Many players have entered this domain and are trying to exploit available opportunities. However, players are currently facing competition from on-premise data storage and data processing which use the Hadoop platform as many big organizations still go for it due to security and reliability advantages. Apart from this, they face the potential competition from public cloud vendors offering their own Hadoop products. Rackspace has recently entered this space and big players like AWS, Azure can do so in the future.

Cloud computing is increasingly seen by organizations as a viable way to reduce costs and increase implementation efficiency.
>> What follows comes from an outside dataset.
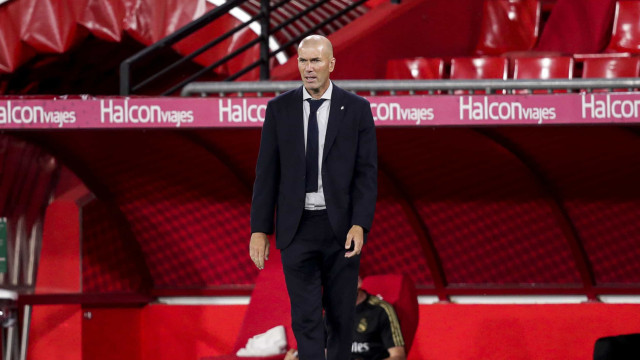 Zidane diz não entender Benzema fora da seleção da França: 'Faz a diferença'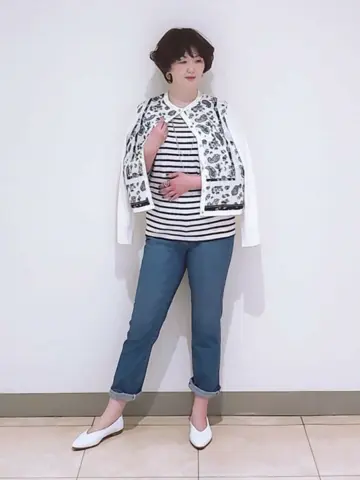 23区 L スタッフ コーディネート画像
Vendors are increasingly launching cloud-enabled versions of their transitional Big Data technologies. This trend indicates that most of the Big Data technologies that we see in the industry today will be cloud-enabled in the upcoming years. Consolidation of cloud service providers indicates that technologies implemented will be increasingly capable, perhaps spanning most of the layers of the BDaaS stack. As such technologies emerge, they will increasingly encompass functions of the higher layers, effectively providing an “analytics package” over the cloud.

To stay in the game, these players have to stay ahead of the technology and this is where integrated BdaaS comes to play. No provider is currently offering this. BlueData is trying to make a name in this. This service will comprise Feature and Performance BDaaS, which could maximize performance while providing full support to business experts.